One study Linker cited, done in healthy volunteers and published in 2017, showed increases in certain helper T-cells (called Th 17) after two weeks of eating salt-rich foods (6 grams of salt/day). Th-17 cells are a CD4+ subset with a role in producing a highly inflammatory cytokine known as interleukin-17.

But still other studies — including a clinical trial called BENEFIT (NCT00185211) in people with clinically isolated syndrome — failed to support any link between the two, a point Linker thought related to uncertainties in how best to measure salt levels in a person.

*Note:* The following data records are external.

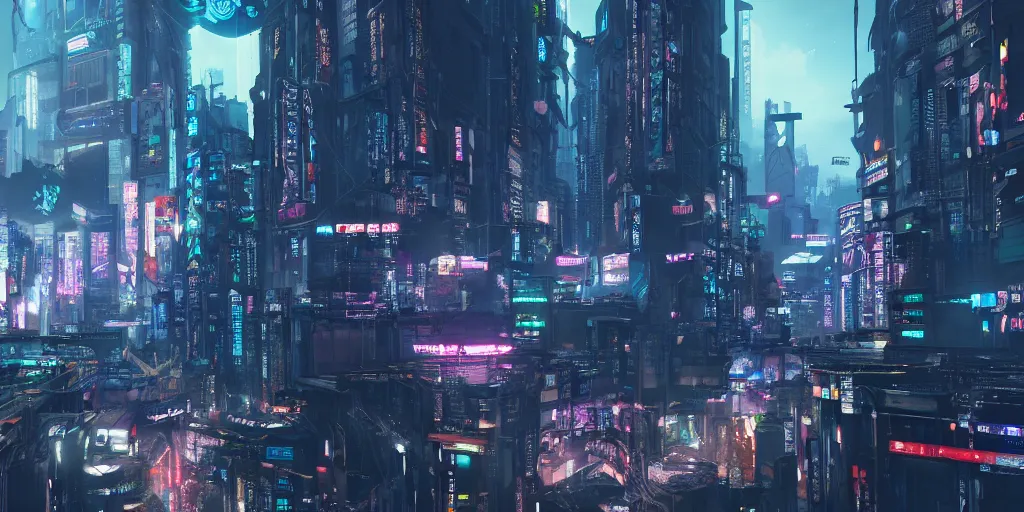 Image similar to A gigantic, sprawling cyberpunk megacity, Tokyo, night, unreal engine, octane render, ray tracing, realistic, highly detailed, cinematic, hyper realism, high detail, synthwave, concept art, award winning, anime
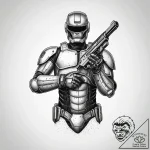 A graphic novel style tattoo of robocop with… – tattoo sketch (№1751318772_0, 30.06.2025 21:26) — tattoovalue.net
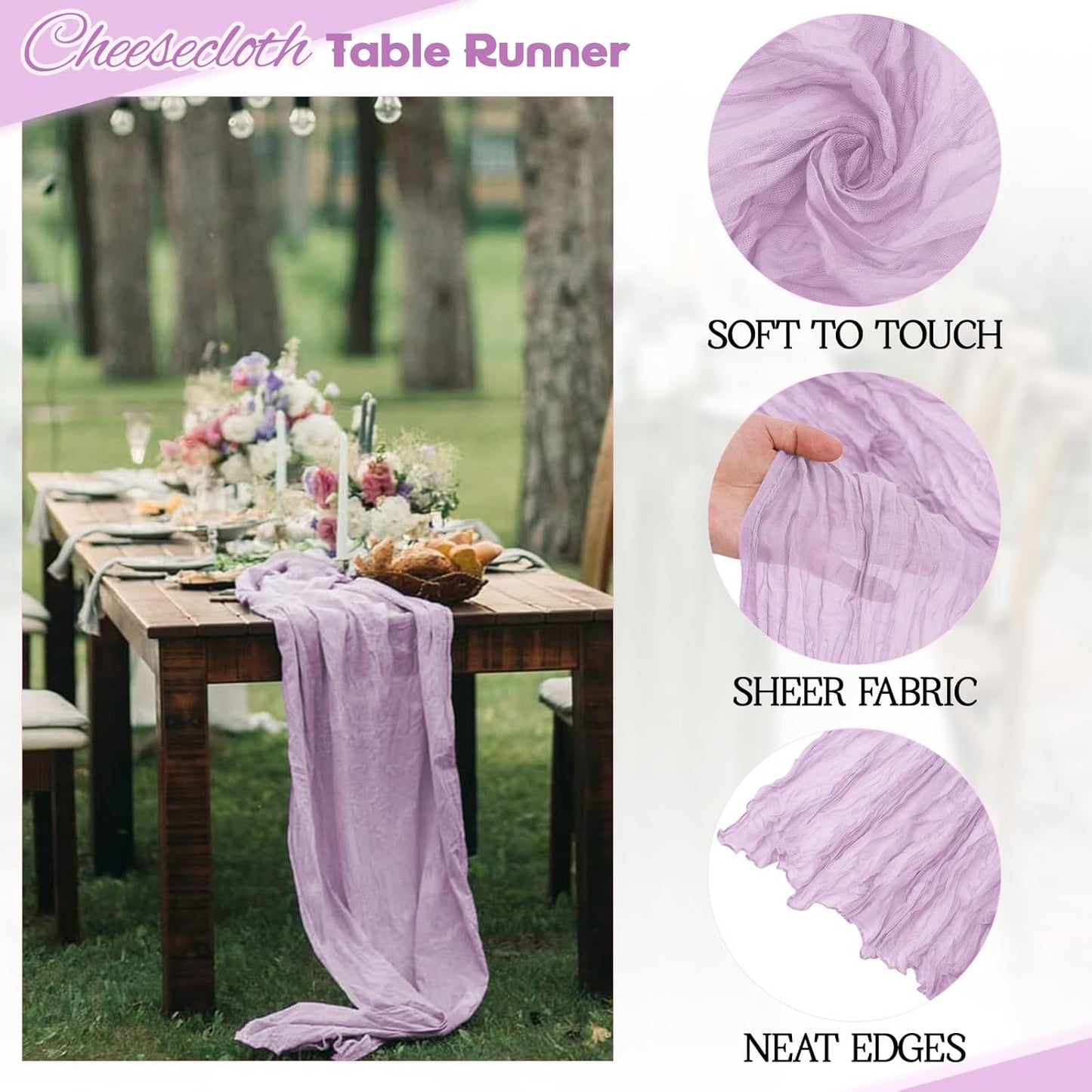 Aktor 12 Pack Lavender Table Runner Boho Cheesecloth Table Runner Semi Sheer Gauze Fabric Runners for Wedding Birthday Baby Shower Party Boho Table Decoration（Lavender）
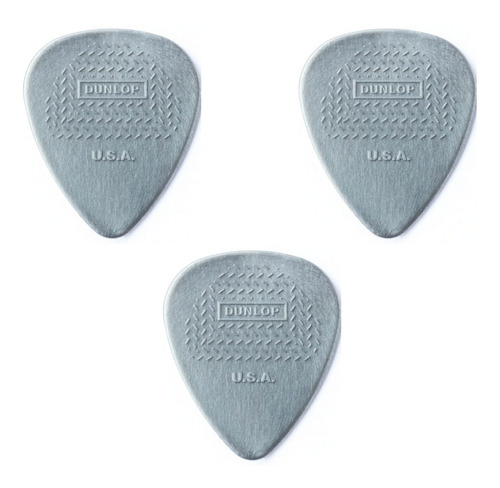 Kit C/ 3 Palheta Cinza Jim Dunlop Nylon Max Grip 0.73mm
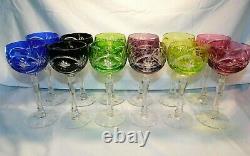 AJKA Multi-Color Cut-to-Clear Crystal 12 Blown Wine Hocks Goblets 7 1/2 w2s12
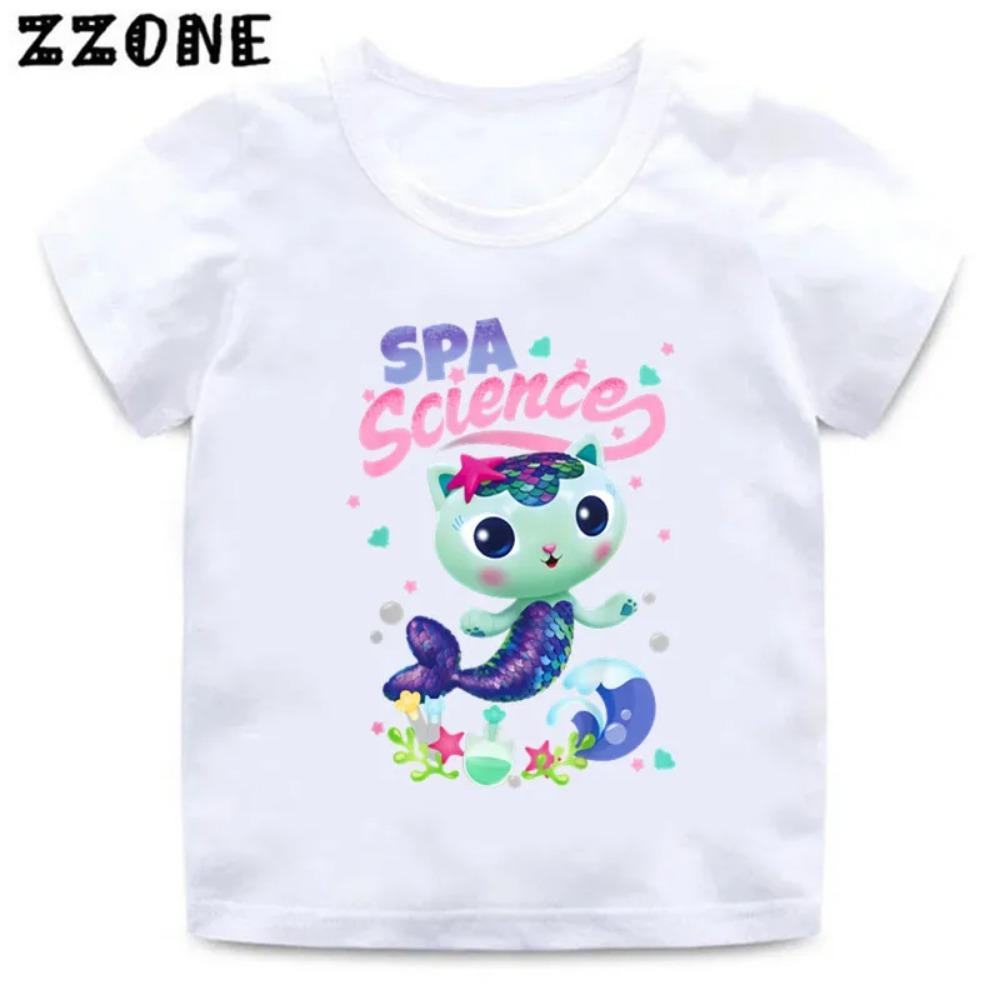 Girls Clothes Cute Gabbys Doll House Cartoon Kids Funny T-Shirts Baby Boys T Shirt Summer Short Sleeve Children Tops,ooo5456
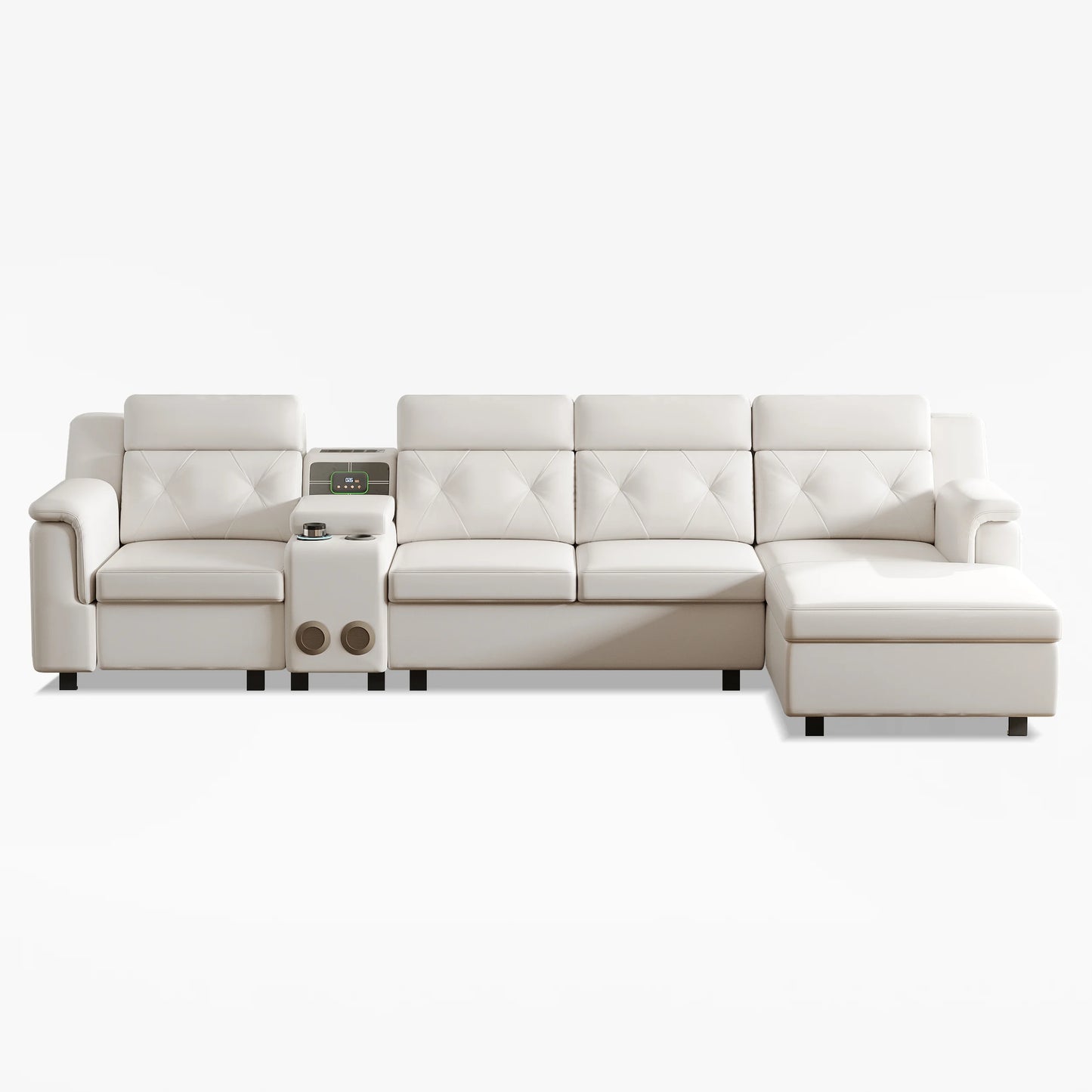 134.6" White Power Reclining Sectional Sofa Pull Out Bed Cup Holder & Speaker & Storage
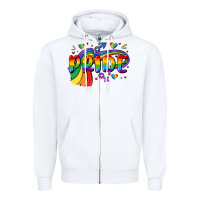 White pride Zipper Hoodie - MaliasSmallBusiness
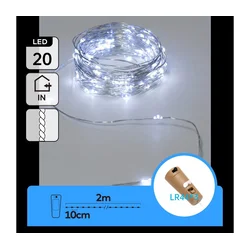 Aigostar - LED dekorativni lanac sa čepom za flašu 20xLED/3xLR44 2m hladna bela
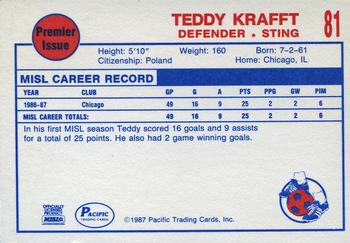 1987-88 Pacific MISL #81 Teddy Krafft Back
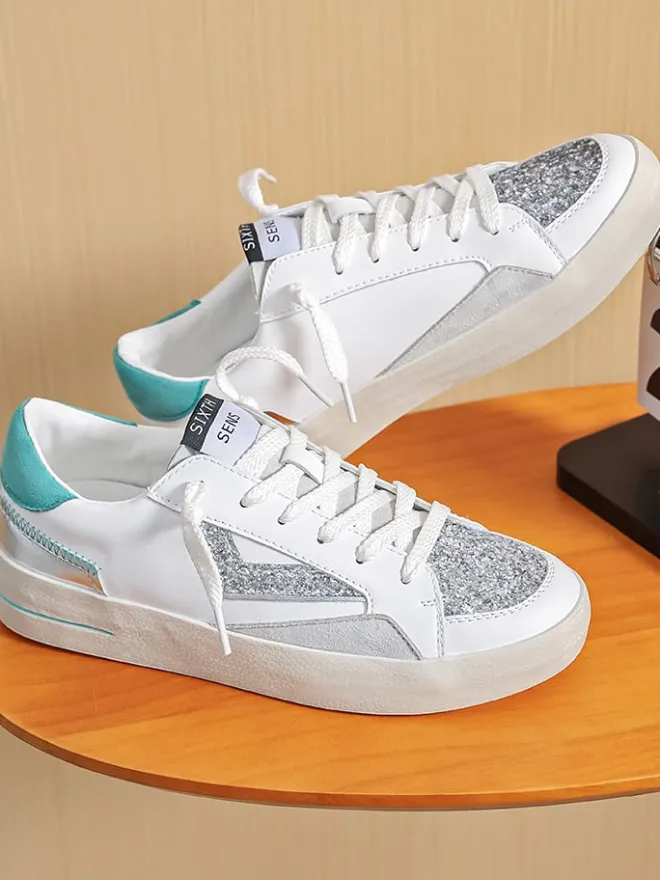 Sneakers in Weiß/ Silber>Sixth Sens New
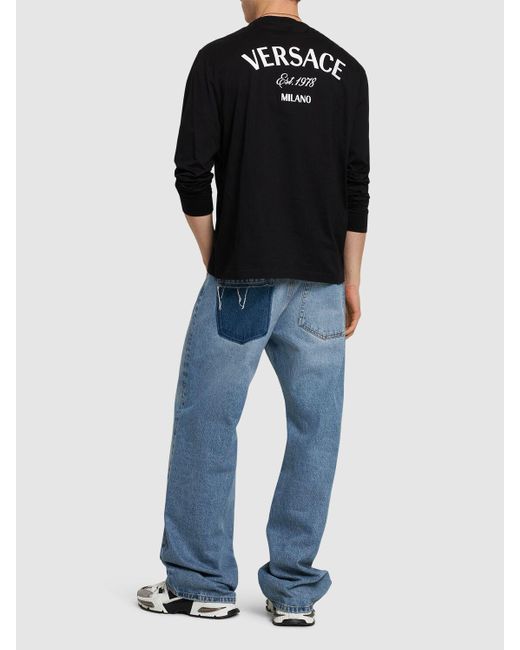 Versace Langärmeliges T-shirt Aus Baumwolle Mit Logodruck in Black für Herren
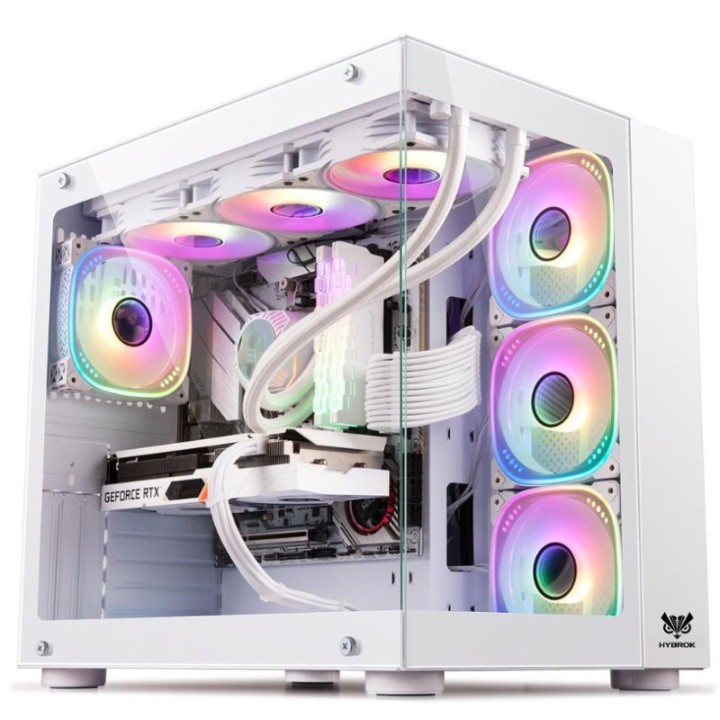 HYBROK TITAN EVO White (7 Fans ARGB) Boitiers PC HYBROK Maroc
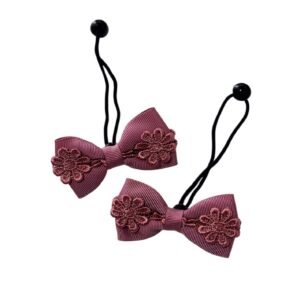 Mauve color hair tie for kids handmade by young fashion palace grosgrain lace hair accessories UAE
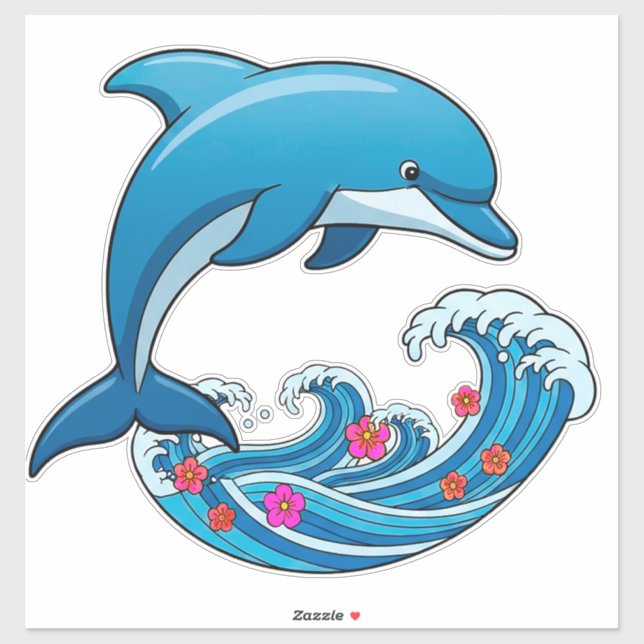 Blue Dolphin Jumping Over Ocean Waves Sticker (Sheet)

“How do you measure salt?” he asked, noting that it’s impossible to follow it in food, because the amount found in a serving of mac ‘n’ cheese (3.6 grams) or a piece of frozen pizza (5 g) is grossly different from that found in a few slices of bread (1.2 g, three slices). BENEFIT, which ran from 2002 to 2008, looked at salt levels in urine, and Linker speculated that salt load filtered through the kidneys might not be sensitive enough.

Newer work, he said, suggests the skin might be the most sensitive measure of sodium loads. He mentioned studies, based on sodium MRI imaging, finding higher levels evident in the skin of relapsing-remitting MS patients, and in skin tissues from EAE mice models.

Newer work also showed that sodium affects the gut’s microbiome — itself a growing focus in systemic inflammation that might lead to MS —  particularly in the changes that high sodium levels bring to a “friendly” bacteria of the intestinal tract called Lactobacillus.

Titled “Salt-responsive gut commensal modulates Th17 axis and disease,” the study was published in the journal Nature in 2017.

Findings of a “rapid depletion of Lactobacillus is interesting,” Linker said, concluding that “salt [consumption] is a factor worth further study” in MS and other diseases.